In [ ]:
require(randomForest)

Score board

No. score
1 0.75120
2 0.75598
  • First try is even worse than the lady first approach.
  • Second try is with "Embarked" feature.

To improve

  • Below I ignored Embarked, because in training data, some Embark is NA but in test data, Embark is all available, so the factor they give are different, randomForest cannot work with it.
    • This has been fixed, I just ignored the training data
  • I ignored "Name"/"Cabin"/"Ticket" because they are more than 53 level, which randomForest can not handle.
  • There are some training data with NA entry, I ignored in the training, might need to include them
  • Try to figure out why some of the predictions are NA

In [ ]:
set.seed(20121228)
train <- read.csv("train.csv")
# train.nona <- na.omit(train)
# drops <- c("PassengerId", "Name", "Cabin", "Ticket", "Embarked")
drops <- c("PassengerId", "Name", "Cabin", "Ticket")
train <- transform(train, Survived = as.factor(Survived))
train <- train[ , !(names(train) %in% drops)]
train <- subset(train, Embarked != "")
train <- transform(train, Embarked = as.factor(as.character(Embarked)))
# train <- train[train$Embarked != "",]
summary(train)

In [ ]:
# This is for checking the "Embarked" feature
# e <- train$Embarked
# str(e)

In [ ]:
# There are about 889 rows, take 720 of them as training, the rest for validation
train_row <- sample(1:nrow(train), 720)

In [ ]:
# rf.titanic <- randomForest(Survived ~ ., data = train, na.action = na.omit, subset = train_row)
rf.titanic <- randomForest(Survived ~ ., data = train, na.action = na.omit, subset = train_row)

In [ ]:
# Check the data structure
str(rf.titanic)

In [ ]:
train[train_row[c(2,4)],]

In [ ]:
sum(train[names(rf.titanic$predicted), ]$Survived == rf.titanic$predicted) / length(rf.titanic$predicted)

In [ ]:
# The explanation of
getTree(rf.titanic, 1)

In [ ]:
res <- predict(rf.titanic, train[train_row[2],], predict.all = TRUE, )
str(res)

Make the prediction on training data


In [ ]:
pred_train <- predict(rf.titanic, train[train_row,])
sum(is.na(pred_train))
head(pred_train)
pred_train[is.na(pred_train)] <- 0
print("Correct rate on training set: ")
rate <- with(data = train[train_row,], sum(Survived == pred_train) / length(pred_train))
print(rate)
length(pred_train)

Make the prediction on validation data


In [ ]:
pred_validation <- predict(rf.titanic, train[-train_row,])
length(pred_validation)
sum(is.na(pred_validation))
pred_validation[is.na(pred_validation)] <- 0
res_validation <- train$Survived[-train_row]
# pred_validation <- as.numeric(pred_validation) - 1
# pred_validation
# res_validation
print("Correct rate on validation set: ")
print(sum(res_validation == pred_validation) / length(res_validation))
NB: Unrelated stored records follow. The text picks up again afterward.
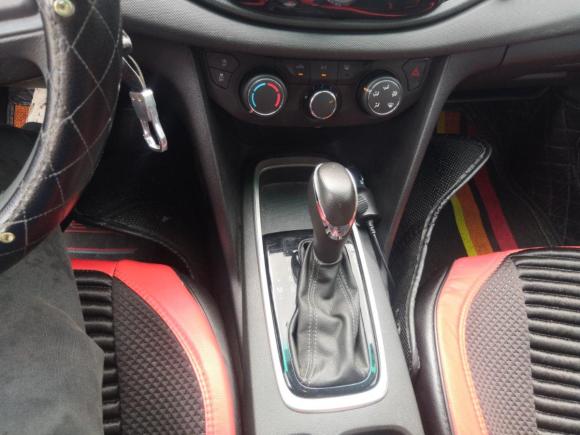 [深圳·贵E] 二手雪佛兰科沃兹2018款 320 自动欣享天窗版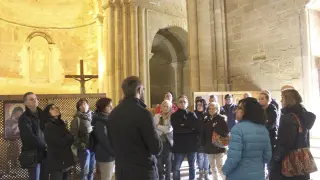 Participantes en una visita guiada al monasterio de Sijena.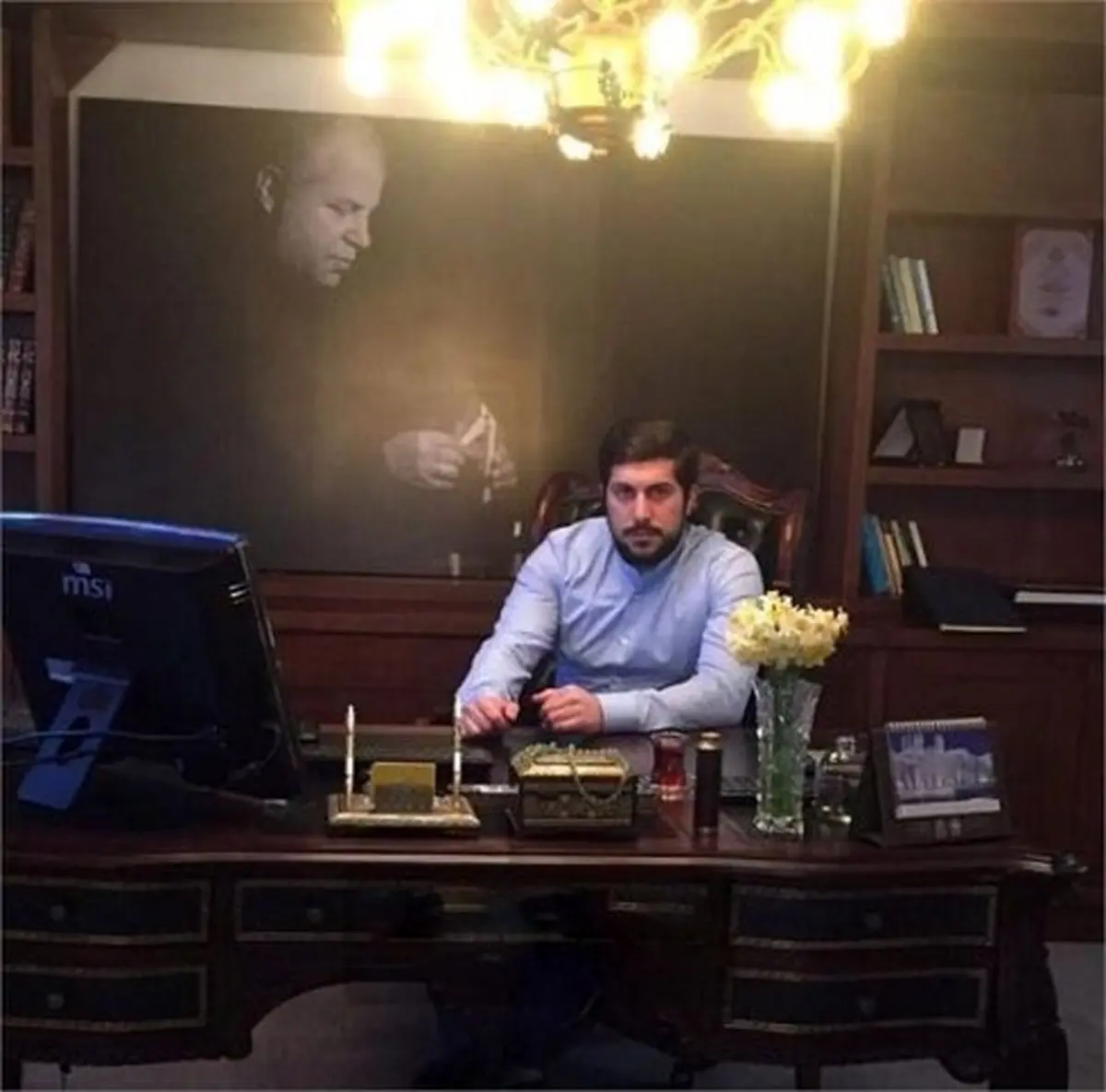 پسر علی پروین در دفتر محل کارش!/عکس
Make the prediction on test data


In [ ]:
test <- read.csv("test.csv")
test <- transform(test, Survived = 0)
test[1, "Survived"] <- 1
test <- transform(test, Survived = as.factor(Survived))
test <- test[ , !(names(test) %in% drops)]
summary(test)

In [ ]:
pred <- predict(rf.titanic, test)
str(pred)

In [ ]:
result.titanic <- data.frame(PassengerId = 892:1309, Survived = as.numeric(pred) - 1)

In [ ]:
summary(result.titanic)
str(result.titanic)
head(result.titanic)
  • We can see quite a bit prediction is NA, so assume they are all not survived
  • might be improved here:
  • Try to figure out why they are NA first

In [ ]:
sum(is.na(result.titanic$Survived))
result.titanic$Survived[is.na(result.titanic$Survived)] <- 0

In [ ]:
result.titanic

In [ ]:
write.csv(result.titanic, file = "my_random_forest_2.csv", row.names = FALSE)

The following part is trying to find out why some prediction is NA

The reason looks pretty simple, there is "NA" in the training set.